主体性の育成に何が必要か?

主権者教育

新学習指導要領のキーワードの一つに「主体的で対話的で深い学び」というものがありますが、今回のテーマは「主体性を育てること」について。

なぜ「主体的な学び」が求められるようになったのか、一般的によく言われることをざっくり説明すると「これまでは教師が子どもに一方的に知識を詰め込むような授業が行われていて生徒は受動的に学んでいたけれど、これからの時代は学校を卒業しても自ら学び考え続けることが求められるようになった」というわけです。

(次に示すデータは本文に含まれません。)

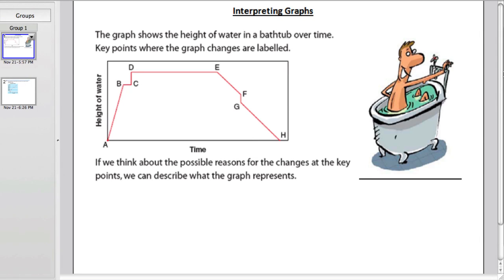This is the last lesson in the unit, and it's on interpreting graphs. So this is section 5.6. It's my favorite lesson of all — it's kind of fun. We're going to read graphs and try to figure out what they're saying to us, just in a general sense.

しかし「主体性とはなにか?」「主体性を(強制的に)学ばせる、というのは主体的な学習と言えず、矛盾しているのではないか?」「どうやって主体性を教え、どうやって主体性を評価するのか?」など、様々な論点があります。

今回は私が考えた「主体性」について述べていこうと思います。

そもそも主体性とは何か

教育学者の溝上真一は主体的な学びについて3つの学びから構成されると述べています。

(しらす先生に教えてもらいました)

課題依存型(与えられる課題がおもしろければ主体的に学ぶことができる)

自己調整型(受験などの目標に向かって自分で手段を選択し計画を立てて主体的に学ぶことができる)

人生型(人生の目標やアイデンティティの形成のために、つまり学習に意味づけをしながら主体的に学ぶことができる)

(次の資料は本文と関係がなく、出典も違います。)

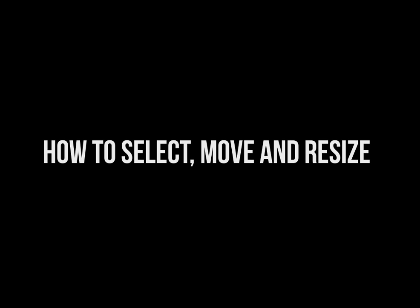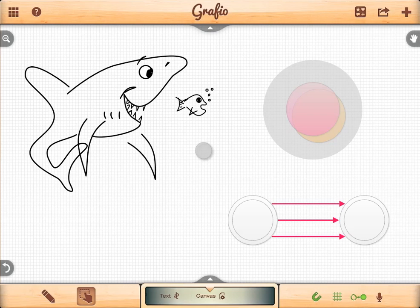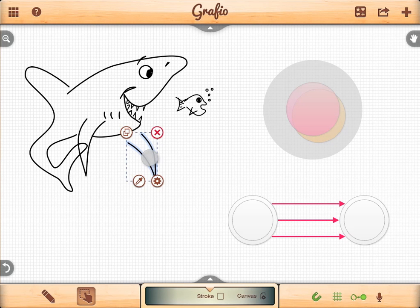How to select, move, and resize objects. Everything you draw in Graphio can be selected. Take a look at the shark fin that you drew. Simply tap on it to select it and drag it to the correct place.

学習指導要領では、主体的な学びについて以下のように説明されているのですが、溝上真一の考える3つの要素が入っているようです。

「学ぶことに興味や関心を持ち(課題依存型)、自己のキャリア形成の方向性と関連づけながら、見直しをもって粘り強く取り組み(人生型)、自己の学習活動をふり返って次に繋げる(自己調整型)学び」

「主体性」を「学ばせる」ことは矛盾しているか?

日本国語大辞典では主体性について「他に強制されたり、盲従したり、また、衝動的に行ったりしないで、自分の意志、判断に基づいて行動するさま」と定義されています。

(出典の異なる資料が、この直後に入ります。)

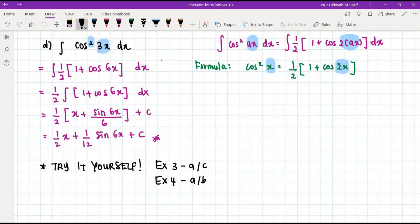I will leave some examples for you to try yourself: examples 3a and 3c, as well as examples 4a and 4b. Please attempt these on your own.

では「主体的な学び」を目指して学校で先生が何かを準備して指示して学習させることは「主体的な学び」と言えるのでしょうか。

結論から言うと、「主体的な学び」を「学ばせる」ことはたしかに矛盾します。しかし「主体性」を育成できないわけではないと思います。

そもそも、完全な「主体性」は学校でも社会でもありえないのではないでしょうか。人は必ず何かに影響を受けて考え、行動しているからです。

だからこそ、「自分はどんな環境にいるか?」(自分の立場のメタ認知)ということを自覚したうえで、「どうなりたいか?」「何を実現したいか?」(考える目的・目標をもつ)ということを考えて行動することが「主体的な個人」として大事なのではないかと思います。

例えば教員養成課程の中では、教員志望の大学生に「そもそもなぜ社会科を教えるのか」「教員はどんな縛りがあるか」と考えさせることが、制限のある環境の中で主体的に教育活動を行うことができる教員を育成することにつながるのではないでしょうか。

そして小学校や中学校、高校では、自律的に学ぶ方法を教えること、学ぶ楽しさを経験させること、学ぶ意味づけをさせること、そして子どもが教員の指示や校則の中で「主体的?」な行動を求められていることを自覚させることが「主体性」の育成に必要なのではないか、と思いました。

この議論は先日のオンライン社会科・公民科研究会でも議論しました。

「主体性」は個人の資質の問題?

今日の哲学対話で考えたのは主体性を発揮しにくい社会の中で発揮できる主体性を育成することの難しさについてです。

主体性を育成すると言ったら本人の資質としての主体性のことばかり議論されるけど、個人の主体性が発揮されるかどうかは環境に大きく左右されると思っています。

本人の資質としての主体性をいくら学校でおぜん立てして育成しても、主体性が発揮しにくい社会(学びを強制されない場所や、上司の意見に従うことだけが求められるような環境)ではどうでしょうか。

学ぶことが決められていない状態で学ぶ力を育成するための手立てとして自由研究やPBLのようなものがありますが、主体性が求められていない場所で発揮できるような主体性を育成するような学習はあまりありません。

主体性が求められていない学校で主体性を認めてしまうと、子供が自分の権利ばかり振りかざすようになりそうだし授業が荒れそうだし嫌だと思う人も多いと思います。実際難しいですよね。

しかし、主体性を発揮しにくい社会で発揮できる主体性を育成するためには、そのような反体制的な主体性も積極的に受け入れる必要があるのではないかと思います。

いろんな主体性が学校の中で認められるような環境になっていないと「教師にとって都合の良い主体性」が求められていることが子どもに伝わって、結局客体的な子どもが再生産されるのではないでしょうか。